Two years ago, I met Square CEO Jack Dorsey at Third Rail, one of his favorite coffee shops in downtown New York. He held up a small plastic square and told me that the future of payments was in this tiny device.
The entire industry was about to change, he said.
Dorsey was in the middle of a major change himself. Recently ousted from Twitter, the company he cofounded, he rebounded by shifting his famously intense focus to a new pain point: the way we pay.
Square's pitch -- a simple fee structure and technology that just works -- was a quick hit with small merchants like Third Rail. Square now has 2 million users and an annual transaction volume approaching $6 billion.
That was just phase one, it turns out. Dorsey wasn't kidding about reinventing the entire concept of payments. Last week, he struck a partnership that will begin to bring his vision to the mass market.
This fall, Starbucks (SBUX) will begin accepting payments through Square's mobile app. Customers will be able to pay for their lattes by holding up their phone and allowing Starbucks to automatically charge the customer's card on the back end.

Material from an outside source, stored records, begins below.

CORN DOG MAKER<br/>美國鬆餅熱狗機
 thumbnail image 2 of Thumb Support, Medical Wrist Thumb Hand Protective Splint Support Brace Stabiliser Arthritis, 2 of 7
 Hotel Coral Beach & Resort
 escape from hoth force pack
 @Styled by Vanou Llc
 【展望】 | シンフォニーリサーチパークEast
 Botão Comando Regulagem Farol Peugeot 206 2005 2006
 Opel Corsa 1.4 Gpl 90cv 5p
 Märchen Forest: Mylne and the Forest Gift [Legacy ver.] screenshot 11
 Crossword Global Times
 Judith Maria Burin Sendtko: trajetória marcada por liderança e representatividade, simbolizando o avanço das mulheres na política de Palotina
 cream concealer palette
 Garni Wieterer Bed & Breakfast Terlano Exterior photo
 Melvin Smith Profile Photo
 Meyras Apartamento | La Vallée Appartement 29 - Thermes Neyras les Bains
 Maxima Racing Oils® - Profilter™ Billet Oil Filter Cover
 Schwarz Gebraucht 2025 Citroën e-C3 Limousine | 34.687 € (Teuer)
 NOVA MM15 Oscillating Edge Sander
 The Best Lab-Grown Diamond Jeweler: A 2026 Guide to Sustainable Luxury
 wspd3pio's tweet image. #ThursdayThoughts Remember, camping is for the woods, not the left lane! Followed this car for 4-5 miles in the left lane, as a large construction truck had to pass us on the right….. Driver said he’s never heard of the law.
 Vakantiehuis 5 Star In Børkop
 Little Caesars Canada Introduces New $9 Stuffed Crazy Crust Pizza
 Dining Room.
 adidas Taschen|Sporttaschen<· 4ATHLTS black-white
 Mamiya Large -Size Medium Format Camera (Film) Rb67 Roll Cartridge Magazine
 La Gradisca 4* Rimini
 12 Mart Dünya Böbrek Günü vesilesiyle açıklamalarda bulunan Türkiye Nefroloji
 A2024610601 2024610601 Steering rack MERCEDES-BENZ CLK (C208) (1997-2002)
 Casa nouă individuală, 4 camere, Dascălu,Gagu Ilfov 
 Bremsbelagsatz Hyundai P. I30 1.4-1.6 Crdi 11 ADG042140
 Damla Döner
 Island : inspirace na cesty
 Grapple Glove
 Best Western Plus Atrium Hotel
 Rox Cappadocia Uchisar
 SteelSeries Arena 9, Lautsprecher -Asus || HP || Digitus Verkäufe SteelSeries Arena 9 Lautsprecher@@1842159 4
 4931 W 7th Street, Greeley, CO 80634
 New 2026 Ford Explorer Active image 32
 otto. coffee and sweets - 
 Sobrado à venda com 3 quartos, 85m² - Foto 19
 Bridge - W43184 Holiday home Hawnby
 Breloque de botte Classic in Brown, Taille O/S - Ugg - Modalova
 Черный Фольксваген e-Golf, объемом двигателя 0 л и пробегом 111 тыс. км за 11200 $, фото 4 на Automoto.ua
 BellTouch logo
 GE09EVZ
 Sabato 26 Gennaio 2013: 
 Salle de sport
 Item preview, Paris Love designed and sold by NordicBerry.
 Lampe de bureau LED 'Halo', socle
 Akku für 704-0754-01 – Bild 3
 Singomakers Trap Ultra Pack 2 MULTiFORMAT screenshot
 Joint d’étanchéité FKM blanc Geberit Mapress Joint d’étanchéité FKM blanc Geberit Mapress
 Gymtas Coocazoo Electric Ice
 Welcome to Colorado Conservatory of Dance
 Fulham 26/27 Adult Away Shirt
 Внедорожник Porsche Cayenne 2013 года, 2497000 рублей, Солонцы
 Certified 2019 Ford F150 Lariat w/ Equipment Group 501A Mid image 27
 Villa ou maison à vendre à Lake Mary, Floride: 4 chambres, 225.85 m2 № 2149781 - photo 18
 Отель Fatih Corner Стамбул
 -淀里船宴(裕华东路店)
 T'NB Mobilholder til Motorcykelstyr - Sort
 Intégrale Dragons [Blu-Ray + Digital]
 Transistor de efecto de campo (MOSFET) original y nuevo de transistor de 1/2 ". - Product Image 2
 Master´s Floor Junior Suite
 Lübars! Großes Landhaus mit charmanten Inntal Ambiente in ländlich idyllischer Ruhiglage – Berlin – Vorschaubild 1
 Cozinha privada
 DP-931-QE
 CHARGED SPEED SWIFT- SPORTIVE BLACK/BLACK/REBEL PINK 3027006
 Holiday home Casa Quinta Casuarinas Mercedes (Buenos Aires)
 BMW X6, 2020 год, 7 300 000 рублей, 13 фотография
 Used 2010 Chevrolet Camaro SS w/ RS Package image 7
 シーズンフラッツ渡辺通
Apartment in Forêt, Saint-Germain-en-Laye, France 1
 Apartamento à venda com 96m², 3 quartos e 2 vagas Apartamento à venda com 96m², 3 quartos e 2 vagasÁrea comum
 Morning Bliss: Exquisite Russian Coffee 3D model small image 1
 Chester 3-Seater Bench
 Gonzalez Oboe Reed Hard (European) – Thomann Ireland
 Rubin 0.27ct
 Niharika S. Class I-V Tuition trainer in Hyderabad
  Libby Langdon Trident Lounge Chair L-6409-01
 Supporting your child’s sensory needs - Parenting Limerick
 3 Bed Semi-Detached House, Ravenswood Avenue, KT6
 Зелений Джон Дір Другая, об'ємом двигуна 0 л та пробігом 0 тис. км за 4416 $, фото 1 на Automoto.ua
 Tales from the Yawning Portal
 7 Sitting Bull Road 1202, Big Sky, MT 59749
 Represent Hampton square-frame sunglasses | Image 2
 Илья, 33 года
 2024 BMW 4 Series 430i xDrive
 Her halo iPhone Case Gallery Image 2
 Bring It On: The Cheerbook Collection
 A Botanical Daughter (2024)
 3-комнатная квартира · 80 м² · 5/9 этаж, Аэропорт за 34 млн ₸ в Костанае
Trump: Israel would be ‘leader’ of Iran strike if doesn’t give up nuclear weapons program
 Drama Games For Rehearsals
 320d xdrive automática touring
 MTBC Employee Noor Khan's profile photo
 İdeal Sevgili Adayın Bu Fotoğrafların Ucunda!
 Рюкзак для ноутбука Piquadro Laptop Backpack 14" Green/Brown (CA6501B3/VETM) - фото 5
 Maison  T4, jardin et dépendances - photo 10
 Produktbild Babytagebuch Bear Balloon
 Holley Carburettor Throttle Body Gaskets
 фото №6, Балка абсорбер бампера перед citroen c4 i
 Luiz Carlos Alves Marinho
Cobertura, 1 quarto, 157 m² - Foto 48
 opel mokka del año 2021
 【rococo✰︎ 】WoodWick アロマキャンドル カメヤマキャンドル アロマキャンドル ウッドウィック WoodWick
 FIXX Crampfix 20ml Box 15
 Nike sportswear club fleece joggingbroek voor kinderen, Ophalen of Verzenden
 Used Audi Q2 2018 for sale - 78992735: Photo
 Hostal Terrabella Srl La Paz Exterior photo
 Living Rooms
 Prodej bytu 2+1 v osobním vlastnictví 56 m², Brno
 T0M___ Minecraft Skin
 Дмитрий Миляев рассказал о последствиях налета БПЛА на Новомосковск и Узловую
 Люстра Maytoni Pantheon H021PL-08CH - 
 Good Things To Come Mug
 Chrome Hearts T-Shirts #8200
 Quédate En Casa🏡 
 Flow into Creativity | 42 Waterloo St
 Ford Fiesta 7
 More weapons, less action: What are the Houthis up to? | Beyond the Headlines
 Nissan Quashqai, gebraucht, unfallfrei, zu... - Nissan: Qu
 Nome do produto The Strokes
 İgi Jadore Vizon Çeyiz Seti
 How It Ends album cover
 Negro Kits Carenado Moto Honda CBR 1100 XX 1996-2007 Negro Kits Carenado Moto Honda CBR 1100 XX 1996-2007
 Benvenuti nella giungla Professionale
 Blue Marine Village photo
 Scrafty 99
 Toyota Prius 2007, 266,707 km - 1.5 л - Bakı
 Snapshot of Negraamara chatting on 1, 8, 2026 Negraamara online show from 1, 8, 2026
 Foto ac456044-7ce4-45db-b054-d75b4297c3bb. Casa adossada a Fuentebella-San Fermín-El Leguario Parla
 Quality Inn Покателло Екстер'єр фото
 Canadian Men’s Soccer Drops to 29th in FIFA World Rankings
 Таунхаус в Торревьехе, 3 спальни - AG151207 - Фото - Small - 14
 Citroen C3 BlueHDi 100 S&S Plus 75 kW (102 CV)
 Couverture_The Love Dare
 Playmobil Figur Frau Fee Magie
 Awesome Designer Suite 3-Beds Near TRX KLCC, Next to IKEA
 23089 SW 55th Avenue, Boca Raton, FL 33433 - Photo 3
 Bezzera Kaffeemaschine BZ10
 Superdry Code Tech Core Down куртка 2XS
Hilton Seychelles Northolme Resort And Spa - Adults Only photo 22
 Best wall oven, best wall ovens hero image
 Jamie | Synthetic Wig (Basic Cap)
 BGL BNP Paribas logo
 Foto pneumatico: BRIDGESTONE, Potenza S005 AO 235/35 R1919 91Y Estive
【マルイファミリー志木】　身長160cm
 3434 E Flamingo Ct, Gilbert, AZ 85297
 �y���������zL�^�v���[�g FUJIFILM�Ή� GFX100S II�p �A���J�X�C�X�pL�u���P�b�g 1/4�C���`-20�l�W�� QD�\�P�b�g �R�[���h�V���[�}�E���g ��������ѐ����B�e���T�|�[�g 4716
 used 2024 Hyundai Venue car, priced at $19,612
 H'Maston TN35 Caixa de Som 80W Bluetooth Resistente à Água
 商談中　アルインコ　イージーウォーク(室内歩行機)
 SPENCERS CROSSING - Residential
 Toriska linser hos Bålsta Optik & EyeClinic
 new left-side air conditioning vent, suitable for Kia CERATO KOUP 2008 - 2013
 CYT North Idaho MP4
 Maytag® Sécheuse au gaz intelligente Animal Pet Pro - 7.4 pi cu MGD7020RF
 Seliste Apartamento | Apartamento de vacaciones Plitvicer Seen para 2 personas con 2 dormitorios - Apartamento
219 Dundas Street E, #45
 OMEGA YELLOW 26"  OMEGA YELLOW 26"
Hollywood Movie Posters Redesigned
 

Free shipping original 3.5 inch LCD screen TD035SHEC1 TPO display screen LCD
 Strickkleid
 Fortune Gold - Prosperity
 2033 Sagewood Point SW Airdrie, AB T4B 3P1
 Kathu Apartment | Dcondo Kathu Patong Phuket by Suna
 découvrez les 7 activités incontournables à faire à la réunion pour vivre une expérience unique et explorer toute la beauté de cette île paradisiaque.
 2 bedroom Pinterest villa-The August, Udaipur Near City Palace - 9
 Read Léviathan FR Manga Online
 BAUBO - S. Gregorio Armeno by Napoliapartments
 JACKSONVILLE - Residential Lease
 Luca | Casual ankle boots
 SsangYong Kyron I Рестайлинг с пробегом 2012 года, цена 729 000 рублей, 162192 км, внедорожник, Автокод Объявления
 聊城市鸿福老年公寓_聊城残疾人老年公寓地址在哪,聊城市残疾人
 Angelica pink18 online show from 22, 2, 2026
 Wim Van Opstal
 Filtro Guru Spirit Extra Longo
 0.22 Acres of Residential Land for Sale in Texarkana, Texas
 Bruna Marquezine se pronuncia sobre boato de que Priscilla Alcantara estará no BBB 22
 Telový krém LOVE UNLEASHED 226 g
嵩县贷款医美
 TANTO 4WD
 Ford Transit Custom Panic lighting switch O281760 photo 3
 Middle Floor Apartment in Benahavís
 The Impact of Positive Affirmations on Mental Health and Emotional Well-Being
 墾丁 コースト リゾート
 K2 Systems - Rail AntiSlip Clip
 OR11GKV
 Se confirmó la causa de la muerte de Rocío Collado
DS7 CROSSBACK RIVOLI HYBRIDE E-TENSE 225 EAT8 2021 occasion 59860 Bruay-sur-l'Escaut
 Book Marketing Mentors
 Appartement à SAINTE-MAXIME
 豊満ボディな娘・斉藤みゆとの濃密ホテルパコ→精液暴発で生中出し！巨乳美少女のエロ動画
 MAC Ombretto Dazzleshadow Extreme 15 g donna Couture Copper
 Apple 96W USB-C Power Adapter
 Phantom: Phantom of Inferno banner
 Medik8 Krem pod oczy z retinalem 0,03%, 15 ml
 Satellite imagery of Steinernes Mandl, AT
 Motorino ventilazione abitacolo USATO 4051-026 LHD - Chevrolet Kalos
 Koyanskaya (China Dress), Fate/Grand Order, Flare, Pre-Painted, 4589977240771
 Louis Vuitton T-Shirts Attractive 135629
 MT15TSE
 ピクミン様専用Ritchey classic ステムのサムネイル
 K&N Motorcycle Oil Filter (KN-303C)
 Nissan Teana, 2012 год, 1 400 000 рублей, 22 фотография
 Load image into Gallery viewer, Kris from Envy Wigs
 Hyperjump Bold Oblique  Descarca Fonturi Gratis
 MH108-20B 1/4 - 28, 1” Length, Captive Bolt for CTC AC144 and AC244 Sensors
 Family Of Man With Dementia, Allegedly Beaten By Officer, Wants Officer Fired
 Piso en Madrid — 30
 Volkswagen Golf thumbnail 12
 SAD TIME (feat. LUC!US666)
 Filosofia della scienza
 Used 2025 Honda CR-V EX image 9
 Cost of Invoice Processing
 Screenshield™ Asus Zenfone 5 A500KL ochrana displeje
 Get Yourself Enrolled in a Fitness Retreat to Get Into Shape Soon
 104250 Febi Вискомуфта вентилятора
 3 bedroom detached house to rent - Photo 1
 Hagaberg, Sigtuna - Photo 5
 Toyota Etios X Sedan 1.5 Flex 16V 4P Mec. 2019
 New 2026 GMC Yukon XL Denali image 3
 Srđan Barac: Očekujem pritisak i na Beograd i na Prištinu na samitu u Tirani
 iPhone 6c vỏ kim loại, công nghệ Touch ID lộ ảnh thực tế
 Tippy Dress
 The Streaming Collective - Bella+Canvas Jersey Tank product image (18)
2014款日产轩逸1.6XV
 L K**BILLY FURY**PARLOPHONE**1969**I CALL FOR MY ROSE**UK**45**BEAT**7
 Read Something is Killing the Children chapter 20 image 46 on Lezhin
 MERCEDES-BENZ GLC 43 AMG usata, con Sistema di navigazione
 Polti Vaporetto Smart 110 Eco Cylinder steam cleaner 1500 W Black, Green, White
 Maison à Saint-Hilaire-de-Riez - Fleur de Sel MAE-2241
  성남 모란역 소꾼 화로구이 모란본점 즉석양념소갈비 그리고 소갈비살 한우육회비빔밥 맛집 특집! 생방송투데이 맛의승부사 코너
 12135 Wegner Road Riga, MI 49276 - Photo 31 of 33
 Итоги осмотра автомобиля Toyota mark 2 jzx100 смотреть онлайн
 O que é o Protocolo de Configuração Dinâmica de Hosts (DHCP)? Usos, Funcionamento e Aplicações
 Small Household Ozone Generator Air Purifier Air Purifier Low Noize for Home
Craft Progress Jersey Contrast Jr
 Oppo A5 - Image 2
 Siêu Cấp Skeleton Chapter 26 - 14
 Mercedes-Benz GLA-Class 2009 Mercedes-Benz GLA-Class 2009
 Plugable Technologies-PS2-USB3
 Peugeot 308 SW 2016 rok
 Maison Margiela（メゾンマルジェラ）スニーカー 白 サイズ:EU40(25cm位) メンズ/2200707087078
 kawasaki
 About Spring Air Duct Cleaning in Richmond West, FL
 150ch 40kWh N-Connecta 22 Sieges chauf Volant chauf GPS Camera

That's the first step. In the not too distant future, Dorsey and Starbucks plan to let customers ditch their phones completely. All they'll need is the Pay With Square app, which stores credit card numbers and other financial data, and a name.
The system uses the phone's GPS to detect that you've walked into a Square-enabled retailer. The store's checkout software then automatically connects with your Square app.
"You can actually walk into a merchant, keep your phone in pocket, keep your wallet in your pocket, and a picture of you pops up on the register," Dorsey told me. "You can just say 'I'm Laurie, and I'd like a cappuccino,' and your card is charged in the background."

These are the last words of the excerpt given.